The Hiller Building, also known as the Schick Apartments, is located on the edge of downtown Davenport, Iowa, United States. The Federal style building is a row house. In 1974, it was individually listed on the National Register of Historic Places. In 1983, it was included as a contributing property in the West Third Street Historic District. The building was determined structurally unsafe by the City of Davenport and demolished in 2025

==History==
The property on which the building stands is in the oldest section of the city. It was purchased in 1847 by John Hiller from Davenport and founder and developer Antoine LeClaire. Hiller himself was a builder who is responsible for the construction of the Clock Tower building on the Rock Island Arsenal.

This row house was built in three sections in 1852, 1856, and 1859. The expansion reflected the city's population explosion in the 1850s. Because there was a need for rental properties, Hiller expanded his own home and rented out the extra rooms. It is not certain which of the three sections is the original.

In 1902, the Schick family bought the building from the Hillers. It is believed that this is one of the oldest extant buildings in Davenport.

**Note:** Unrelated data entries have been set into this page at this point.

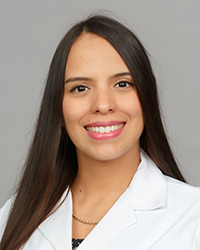 Gabriela Guanchez Moreno, M.D.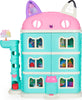 Gabby's Dollhouse - 15-Piece Purrfect Dollhouse with Sounds - Original version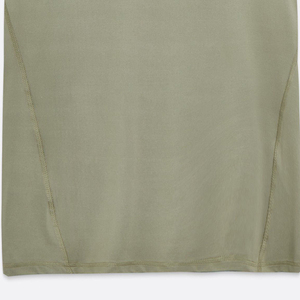 Conjunto Deportivo de Verano al por Mayor, 100% Algodón, Casual, Tallas Grandes, Pantalones Cortos, Estampado DGT, 2 Piezas, Manga Corta, para Hombre - Product Image 6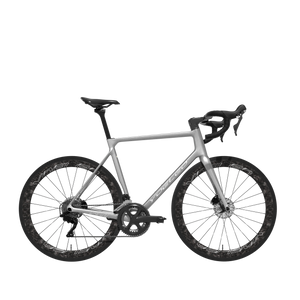 Bicicleta Carretera R140 Carbon - Bonilla Motor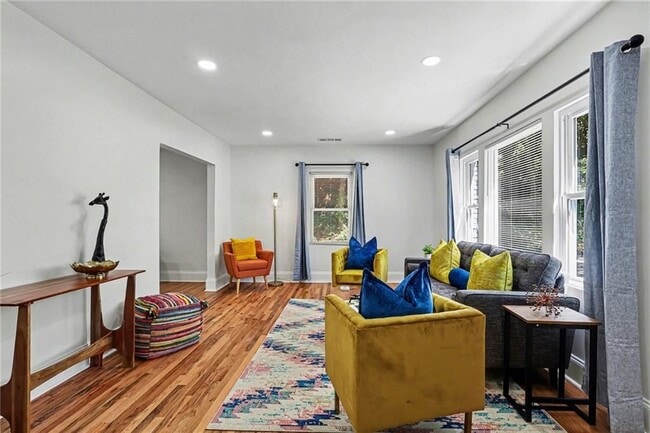 Photo - 1201 Walker Dr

The building has sat empty since 2015 and it has been on Davenport's "repair or demolish" list since 2016. Its south wall is bowing, crackling and losing some of its stones.

==Architecture==
The two-storey rectangular structure houses apartments that are symmetrically arranged along interior corridors. The north wall is composed of stone laid in ashlar fashion and covered in stucco. There are rough irregular shaped stones on the basement level and on the upper two floors of the main façade. The north side of the façade features stone pilasters with mock capital wood crowns that flank the entranceway. The northeast corner has stone quoins. The sidewalls and one in the middle are stepped at the top and the structure is topped with a gabled roof. For the most part, the interior retains its original layout and woodwork, including staircases.